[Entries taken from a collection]
____________

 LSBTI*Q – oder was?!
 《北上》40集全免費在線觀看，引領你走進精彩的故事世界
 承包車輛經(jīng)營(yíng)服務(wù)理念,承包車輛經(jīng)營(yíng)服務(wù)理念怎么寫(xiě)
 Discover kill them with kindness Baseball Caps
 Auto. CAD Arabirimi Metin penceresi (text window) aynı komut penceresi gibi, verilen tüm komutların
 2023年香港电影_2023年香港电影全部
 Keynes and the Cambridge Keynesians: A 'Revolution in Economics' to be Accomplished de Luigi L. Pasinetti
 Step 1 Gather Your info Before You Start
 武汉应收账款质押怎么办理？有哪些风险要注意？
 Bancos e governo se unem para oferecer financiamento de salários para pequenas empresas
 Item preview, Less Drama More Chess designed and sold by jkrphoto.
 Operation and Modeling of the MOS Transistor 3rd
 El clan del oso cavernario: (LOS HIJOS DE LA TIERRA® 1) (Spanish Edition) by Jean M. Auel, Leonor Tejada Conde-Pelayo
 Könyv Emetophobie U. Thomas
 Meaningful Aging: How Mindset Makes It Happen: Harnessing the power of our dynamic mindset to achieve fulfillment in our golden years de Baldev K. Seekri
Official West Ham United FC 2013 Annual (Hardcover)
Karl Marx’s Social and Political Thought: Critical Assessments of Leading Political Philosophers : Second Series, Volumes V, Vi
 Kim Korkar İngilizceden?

____________

# [YOUR GOAL]
All of the entries above need to be reproduced verbatim.

# [SOLUTION TO THIS EXERCISE]
 LSBTI*Q – oder was?!
 《北上》40集全免費在線觀看，引領你走進精彩的故事世界
 承包車輛經(jīng)營(yíng)服務(wù)理念,承包車輛經(jīng)營(yíng)服務(wù)理念怎么寫(xiě)
 Discover kill them with kindness Baseball Caps
 Auto. CAD Arabirimi Metin penceresi (text window) aynı komut penceresi gibi, verilen tüm komutların
 2023年香港电影_2023年香港电影全部
 Keynes and the Cambridge Keynesians: A 'Revolution in Economics' to be Accomplished de Luigi L. Pasinetti
 Step 1 Gather Your info Before You Start
 武汉应收账款质押怎么办理？有哪些风险要注意？
 Bancos e governo se unem para oferecer financiamento de salários para pequenas empresas
 Item preview, Less Drama More Chess designed and sold by jkrphoto.
 Operation and Modeling of the MOS Transistor 3rd
 El clan del oso cavernario: (LOS HIJOS DE LA TIERRA® 1) (Spanish Edition) by Jean M. Auel, Leonor Tejada Conde-Pelayo
 Könyv Emetophobie U. Thomas
 Meaningful Aging: How Mindset Makes It Happen: Harnessing the power of our dynamic mindset to achieve fulfillment in our golden years de Baldev K. Seekri
Official West Ham United FC 2013 Annual (Hardcover)
Karl Marx’s Social and Political Thought: Critical Assessments of Leading Political Philosophers : Second Series, Volumes V, Vi
 Kim Korkar İngilizceden?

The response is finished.